Task item –
Starting with the line that contains "Retiro dos Cedros - Quarto Adega - Foto 44", give again exactly and only each line through the end of the records; include the last line and exclude pictures.
*** Task inputs Section Begins ***
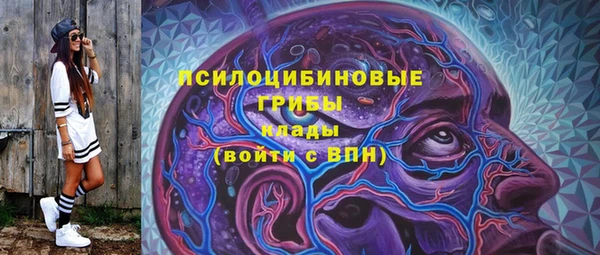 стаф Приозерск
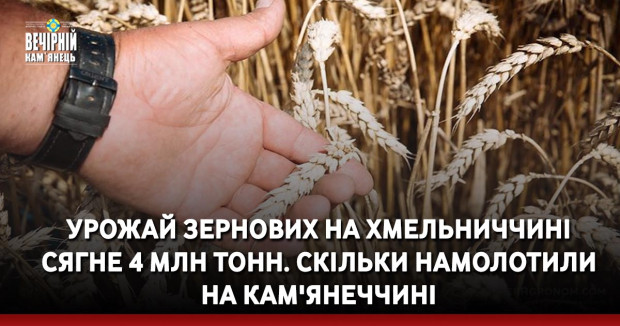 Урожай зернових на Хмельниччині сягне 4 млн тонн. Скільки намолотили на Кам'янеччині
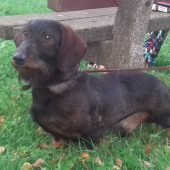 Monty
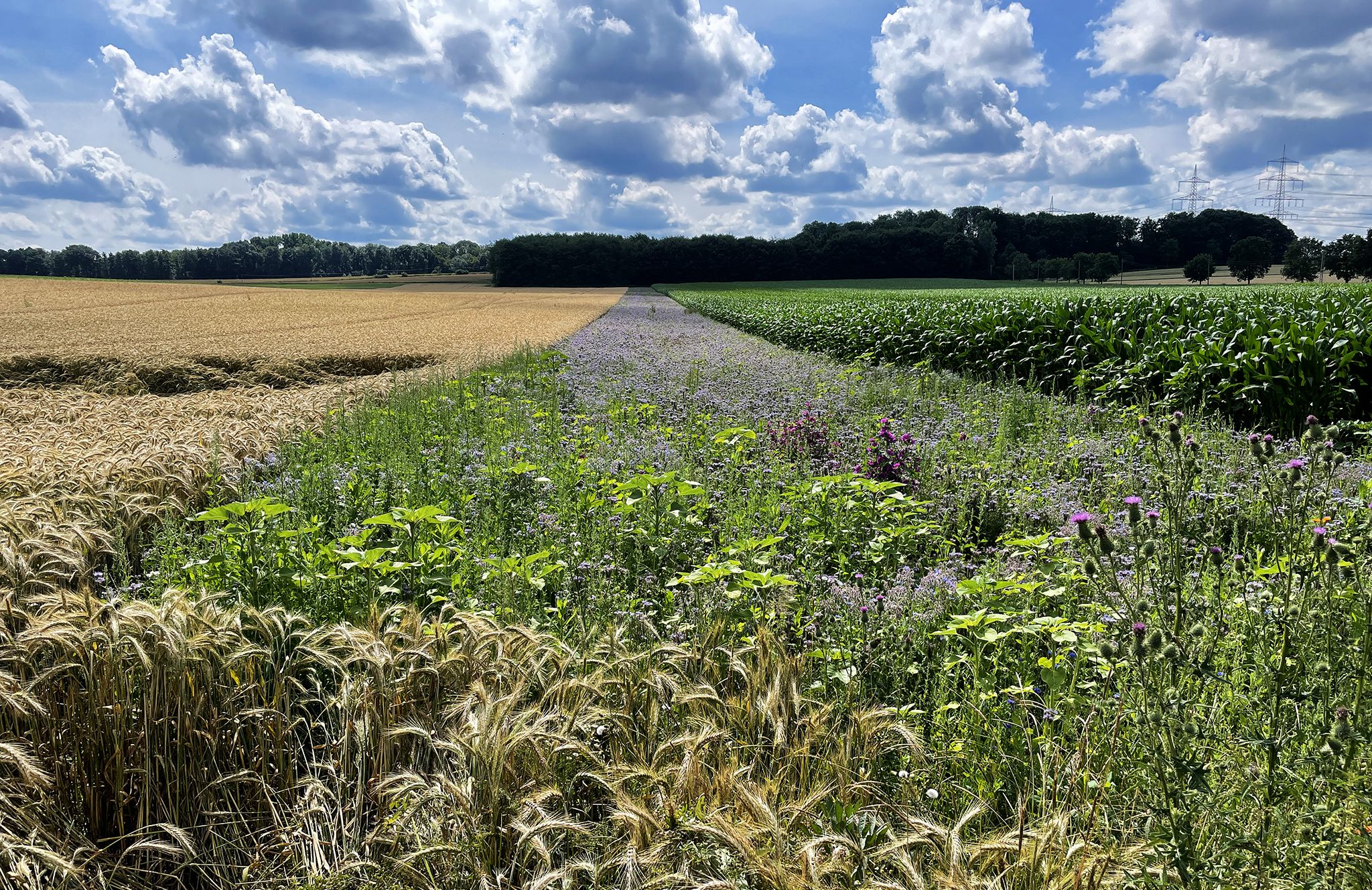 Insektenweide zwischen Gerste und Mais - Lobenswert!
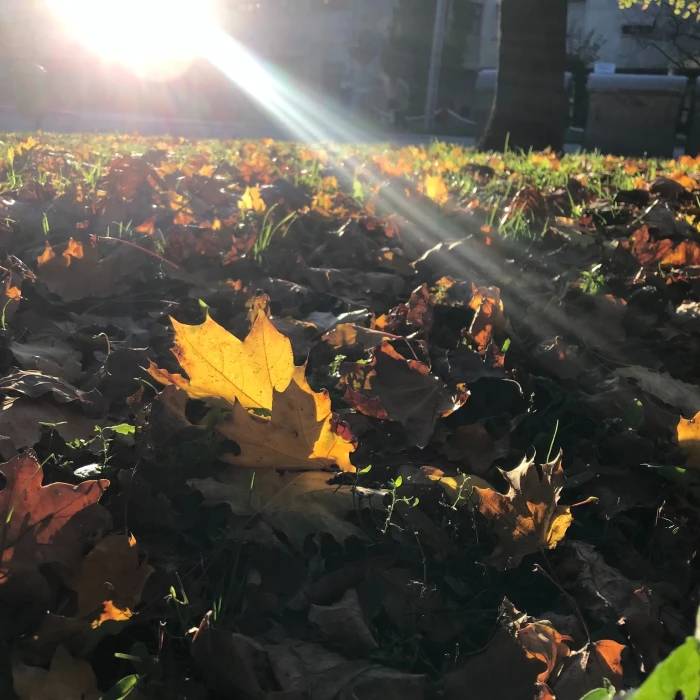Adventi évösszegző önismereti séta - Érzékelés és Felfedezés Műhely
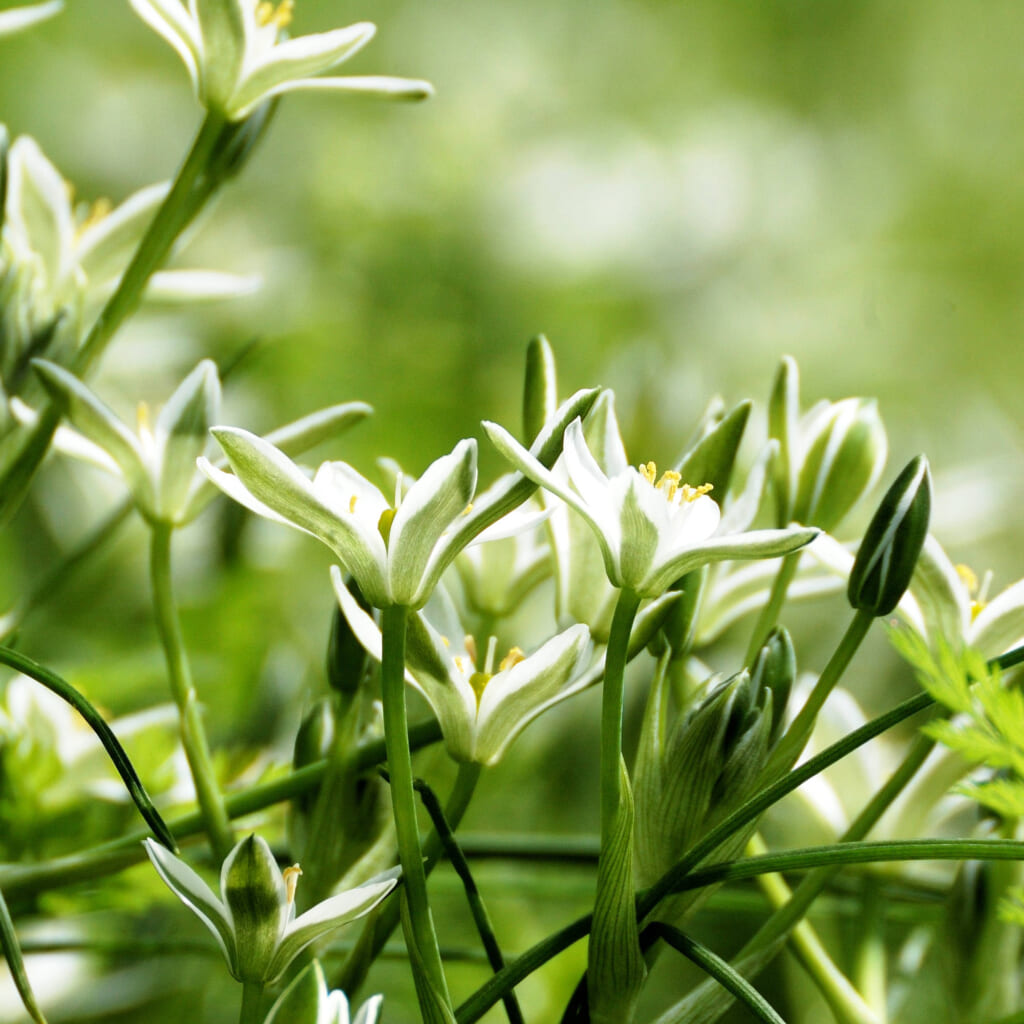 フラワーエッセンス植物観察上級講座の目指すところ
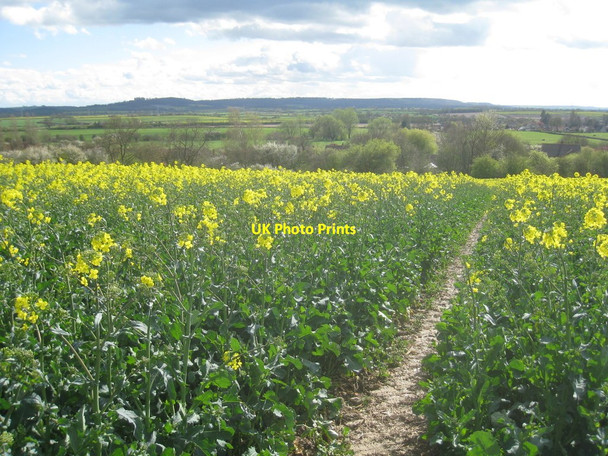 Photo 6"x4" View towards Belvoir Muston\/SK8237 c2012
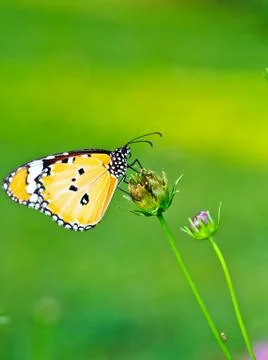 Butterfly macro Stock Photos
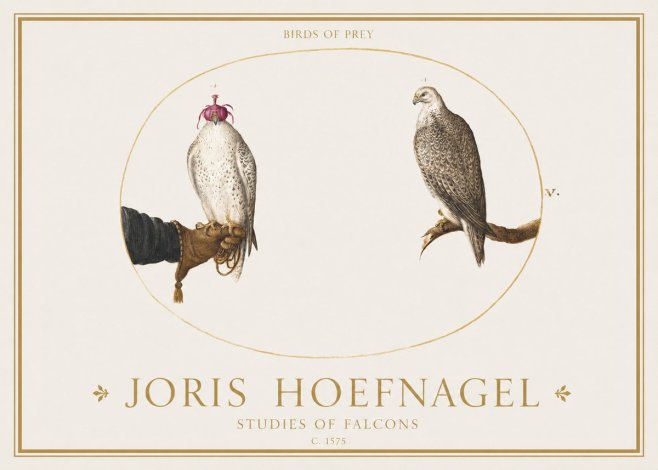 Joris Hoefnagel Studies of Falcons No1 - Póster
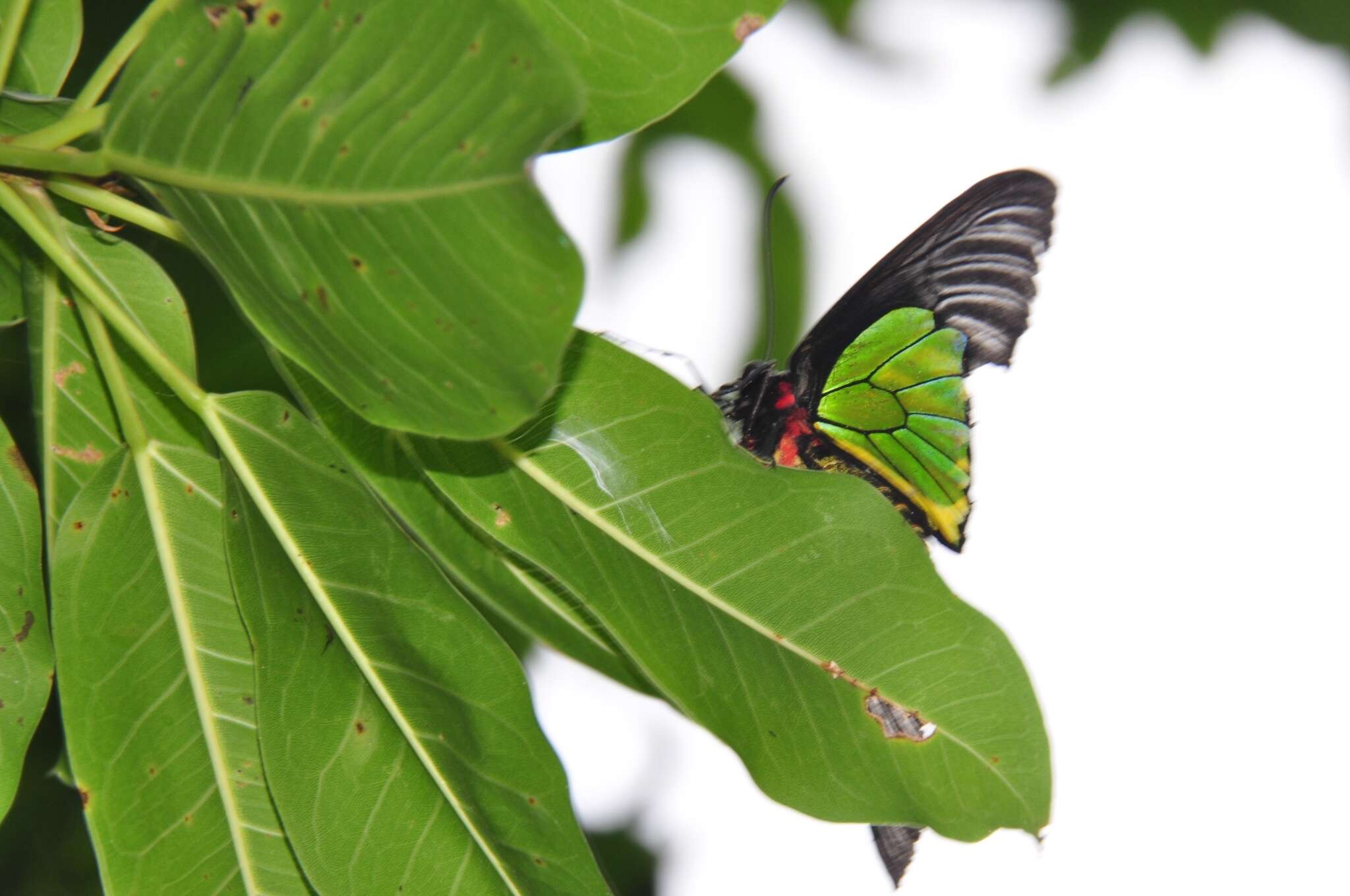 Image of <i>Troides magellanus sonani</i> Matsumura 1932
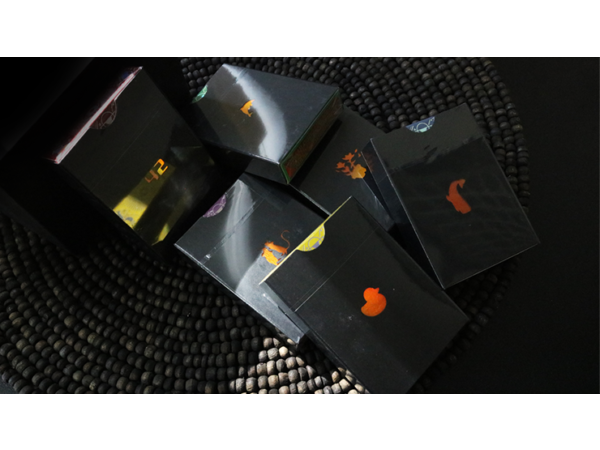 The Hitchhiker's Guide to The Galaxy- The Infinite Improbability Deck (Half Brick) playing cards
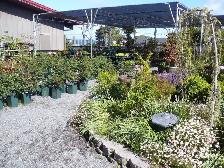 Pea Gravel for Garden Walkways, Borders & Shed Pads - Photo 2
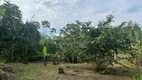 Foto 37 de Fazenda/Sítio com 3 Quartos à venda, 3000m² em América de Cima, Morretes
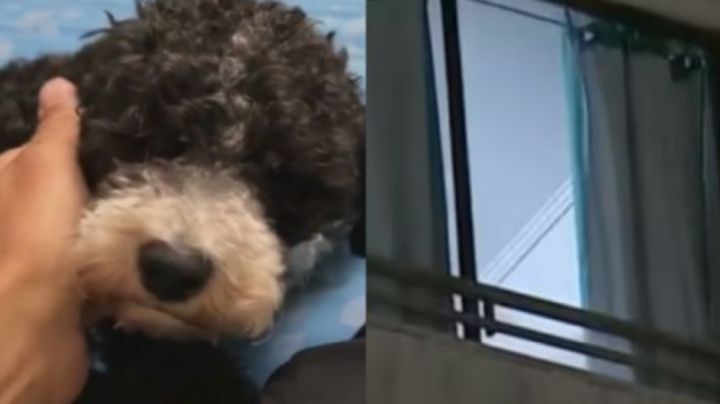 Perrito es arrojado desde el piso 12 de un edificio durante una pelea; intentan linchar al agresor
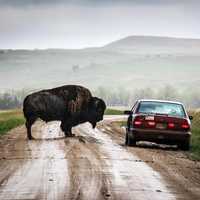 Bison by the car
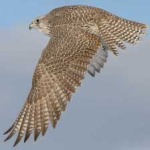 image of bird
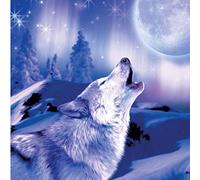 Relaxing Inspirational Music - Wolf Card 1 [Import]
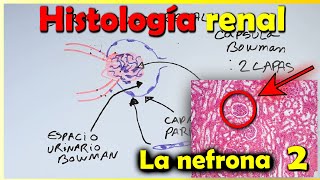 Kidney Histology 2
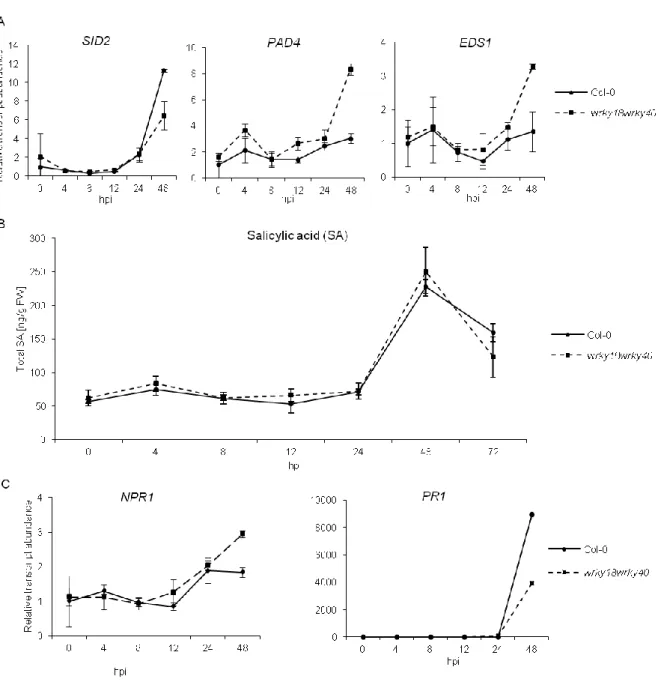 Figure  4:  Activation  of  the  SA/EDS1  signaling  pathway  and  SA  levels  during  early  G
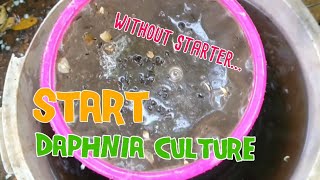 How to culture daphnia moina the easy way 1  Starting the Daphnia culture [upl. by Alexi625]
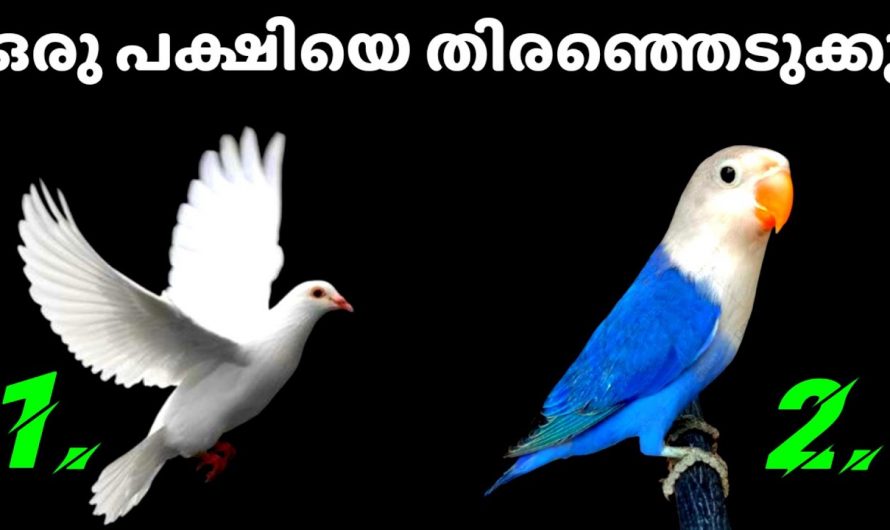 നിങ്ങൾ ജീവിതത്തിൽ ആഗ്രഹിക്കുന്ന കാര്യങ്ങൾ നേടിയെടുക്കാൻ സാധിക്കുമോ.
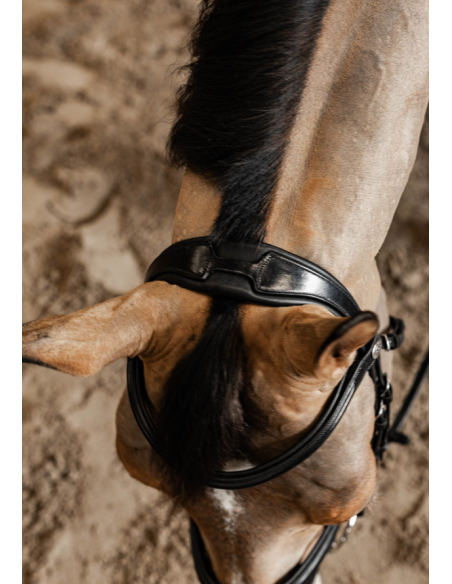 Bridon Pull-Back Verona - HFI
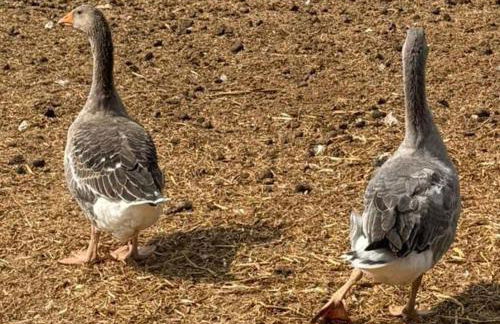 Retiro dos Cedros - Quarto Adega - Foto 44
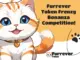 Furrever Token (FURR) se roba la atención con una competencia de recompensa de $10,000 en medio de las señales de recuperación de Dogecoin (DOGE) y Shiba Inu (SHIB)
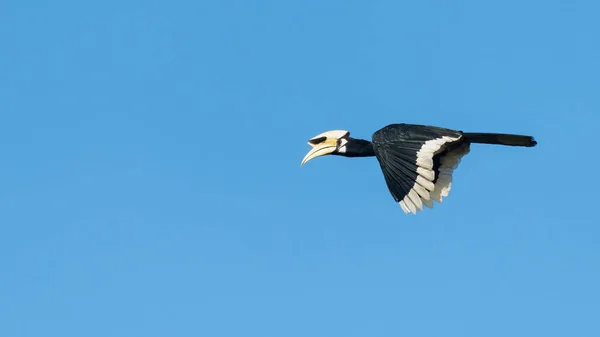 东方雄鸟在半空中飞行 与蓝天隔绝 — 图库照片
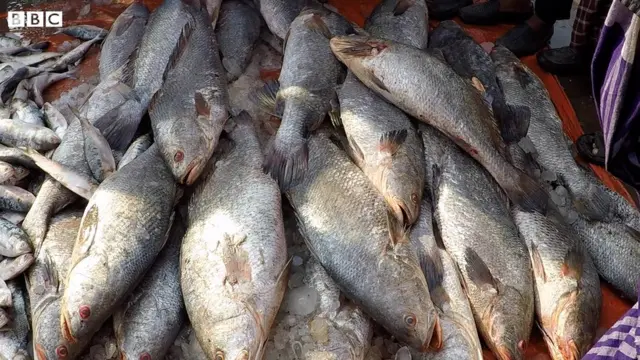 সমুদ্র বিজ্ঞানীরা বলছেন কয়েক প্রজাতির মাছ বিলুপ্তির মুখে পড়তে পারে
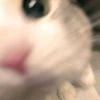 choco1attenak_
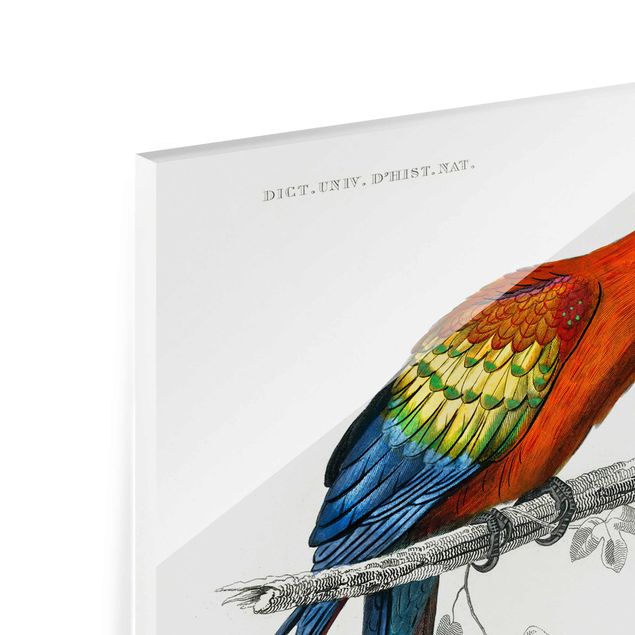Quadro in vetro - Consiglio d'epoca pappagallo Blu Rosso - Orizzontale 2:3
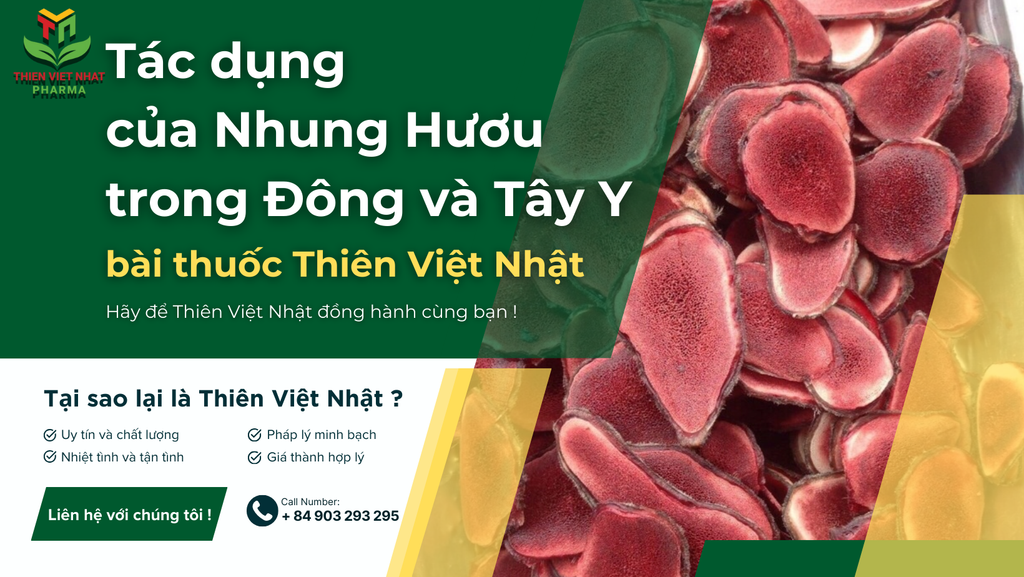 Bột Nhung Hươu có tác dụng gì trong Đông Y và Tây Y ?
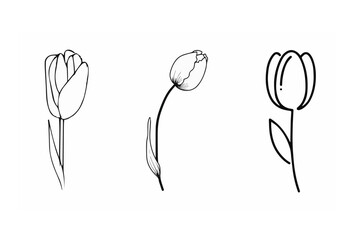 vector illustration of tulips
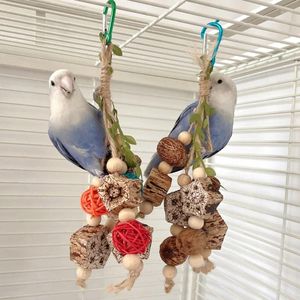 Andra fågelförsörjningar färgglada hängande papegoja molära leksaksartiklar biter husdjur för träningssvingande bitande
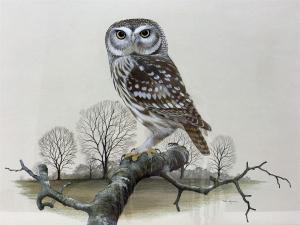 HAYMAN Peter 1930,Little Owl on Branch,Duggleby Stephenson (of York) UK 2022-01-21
*** Task inputs Section Ends ***
Answer area –
 Retiro dos Cedros - Quarto Adega - Foto 44
 Furrever Token (FURR) se roba la atención con una competencia de recompensa de $10,000 en medio de las señales de recuperación de Dogecoin (DOGE) y Shiba Inu (SHIB)
 东方雄鸟在半空中飞行 与蓝天隔绝 — 图库照片
 সমুদ্র বিজ্ঞানীরা বলছেন কয়েক প্রজাতির মাছ বিলুপ্তির মুখে পড়তে পারে
 choco1attenak_
Quadro in vetro - Consiglio d'epoca pappagallo Blu Rosso - Orizzontale 2:3
 Bột Nhung Hươu có tác dụng gì trong Đông Y và Tây Y ?
 vector illustration of tulips
 Andra fågelförsörjningar färgglada hängande papegoja molära leksaksartiklar biter husdjur för träningssvingande bitande
 HAYMAN Peter 1930,Little Owl on Branch,Duggleby Stephenson (of York) UK 2022-01-21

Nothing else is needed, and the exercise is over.